The state government has adopted an attitude of non-cooperation towards Dhankar. The governor went to north Bengal, North 24 Parganas and South 24 Parganas with the ostensible purpose of reviewing the administration, but district magistrates and other senior officials did not turn up. Later, Dhankar joked about receiving letters from all three DMs, saying they were ‘down with fever’. Then, at the Durga Puja carnival at Calcutta’s Red Road, Dhankar was seated on a separate stage, while Mamata and other guests sat on a prominent stage. A wounded governor later protested shrilly.
Soon after, he started holding meetings with the chambers of commerce with a declared intention of attracting investment. He met students and teachers, mostly disgruntled with the TMC regime. Tension between the constitutional head and the elected government came to such pass that last week the assembly had to be adjourned for two days as six bills, including the West Bengal (Prevention of Lynching) Bill 2019, were held back by Dhankar for want of clarifications. After sending prior notice, Dhankar went to the assembly, only to find the gate designated for the governor closed. Contravening protocol, no official was there to receive him (looking at the premises, Dhankar quipped Sholay style, “Itna sannata kyun hai bhai?”).
The same thing played out when Dhankar visited Calcutta University (as ex-officio chancellor). The vice chancellor cancelled a meeting with the governor at the last moment, and was not present when Dhankar reached. Detecting a vicious pattern, Dhankar cried conspiracy. While the state government openly deplores Dhankar’s proactive role, alleging he is trying to run “a parallel government”, they are aware that the former Union minister was right by the Constitution.

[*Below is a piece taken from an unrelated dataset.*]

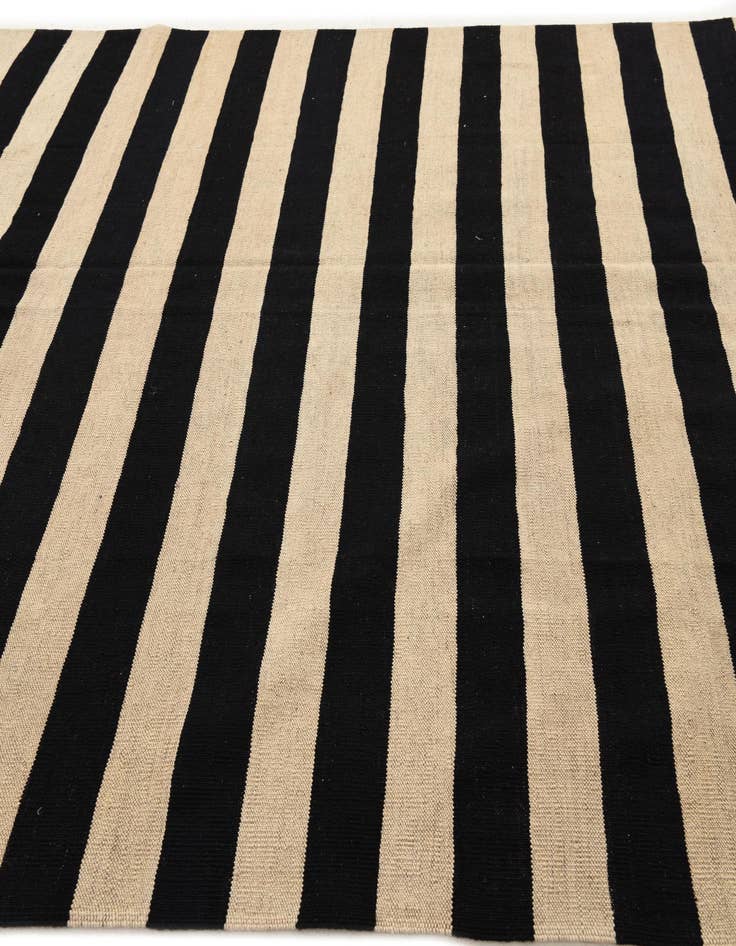 Detail image of 6' 7 x 9' 8  Hand Woven Kilim Modern Wool Rug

During the Left Front rule, when then governor Gopalkrishna Gandhi started visiting sick and closed tea gardens, even issuing a suo moto condemnation of police action in Nandigram, Mamata Banerjee, then the opposition leader, lauded him for his bold initiatives. Now, when the crucial state assembly election is not far off, the chief minister is faced with another governor who, with measured, precipitative moves, is pushing the state towards a constitutional crisis.